Но только все это покупается. Автор ставит одну из главных философских проблем современного мира - проблему девальвации основополагающих для человеческой души составляющих. Любовь, сочувствие, забота, внимание к человеку исчезают из нашей жизни, они уже не могут существовать без материальной поддержки. Петрушевская остро чувствует тенденции сегодняшнего времени и показывает в своих рассказах результаты рыночной формации.

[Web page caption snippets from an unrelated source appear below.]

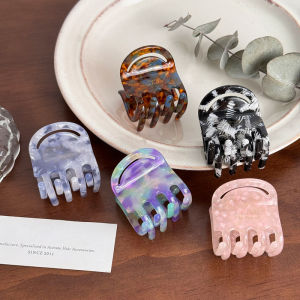 เครื่องประดับผม Acetate Princess Hair Clip สไตล์เจ้าหญิง คลิปผมหางม้าสูง เครื่องประดับผมสัตว์ฉลาม เครื่องประดับผมสุดหรูสำหรับผู้หญิง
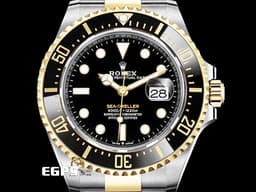 ROLEX 勞力士 Sea-Dweller 126603 蠔式 海使者 <font color="#f5dea8">金字海使 單金</font> 半金款 18K黃金 陶瓷錶圈 <font color="#FF0000">2024年新式保卡</font> 排氦氣閥 潛水錶 自動上鍊 43mm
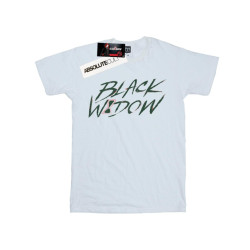 Li-cense Marvel dames black widow movie alt logo cotton boyfriend t-shirt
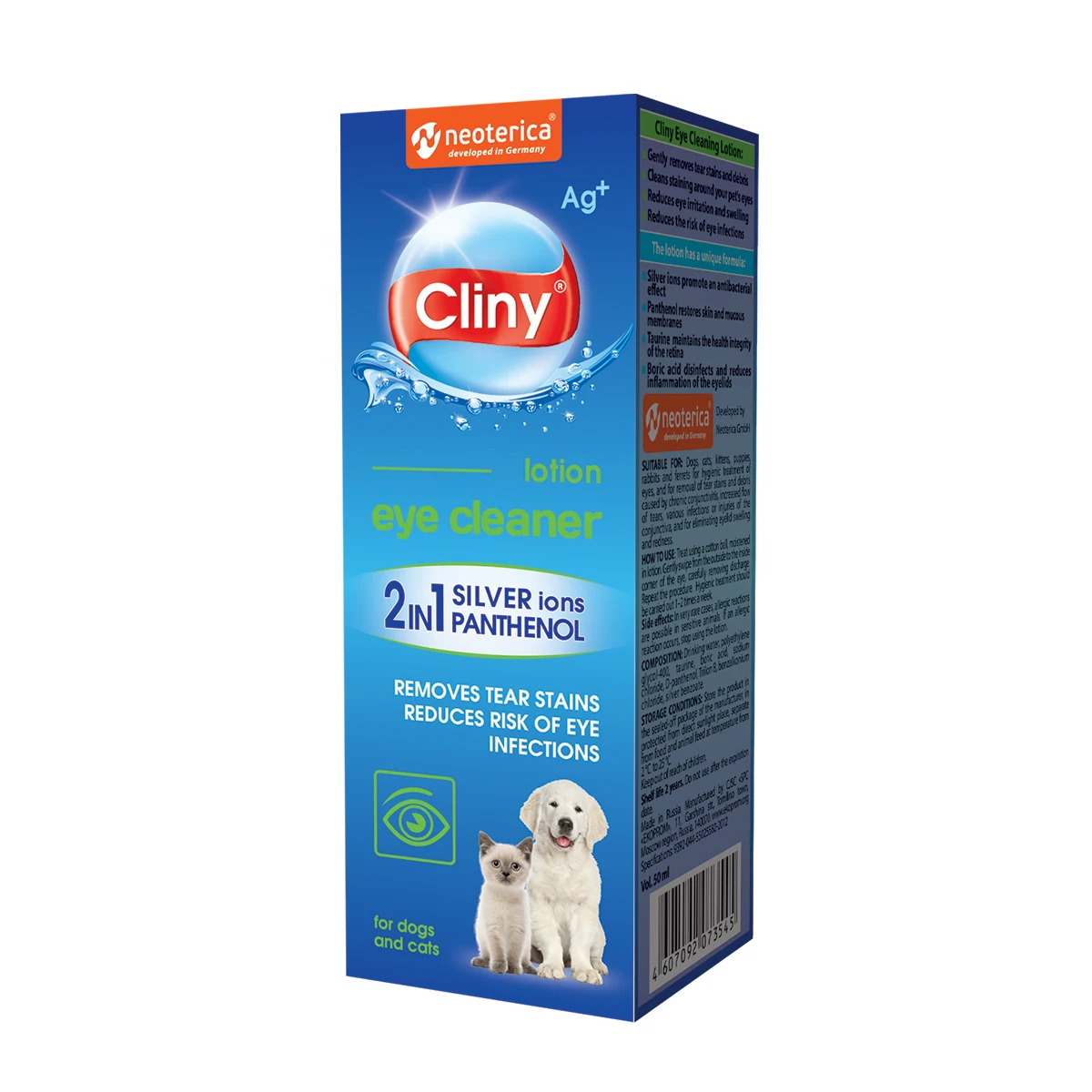 Cliny Eye Cleansing Lotion 50ml Pet Health Care & Supplements All-season Not Support Sustainable for Cats, Dogs Specialty Stores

Большое внимание, как мы уже видели, Петрушевская уделяет внутреннему миру женщины-матери («Свой круг», «Случай Богородицы»), но подчеркнем, что Л.Петрушевская раскрывает тему проблемных взаимоотношений между детьми и родителями: все время идет борьба между ними, выявление сильнейшего и его способность порабощать, насиловать морально, но и физически своего самого близкого человека. Мать из рассказа «Отец и мать» не дает детям спать до прихода отца, использует их как способ унизить мужа, отец из «Рассказчицы» вступает с дочерью в интимную связь, требуя ежеминутного отчета о проведенном дне, героиня «Случая богородицы», повторяем, рассказывает сыну о перенесенных родах, убеждая мальчика, что именно он был первым мужчиной, она была дефлорирована им. Проза Петрушевской благодатная почва для работы психоаналитиков. Ужасает то, что ее истории не выдуманы, это то, что происходит через стенку в соседней квартире.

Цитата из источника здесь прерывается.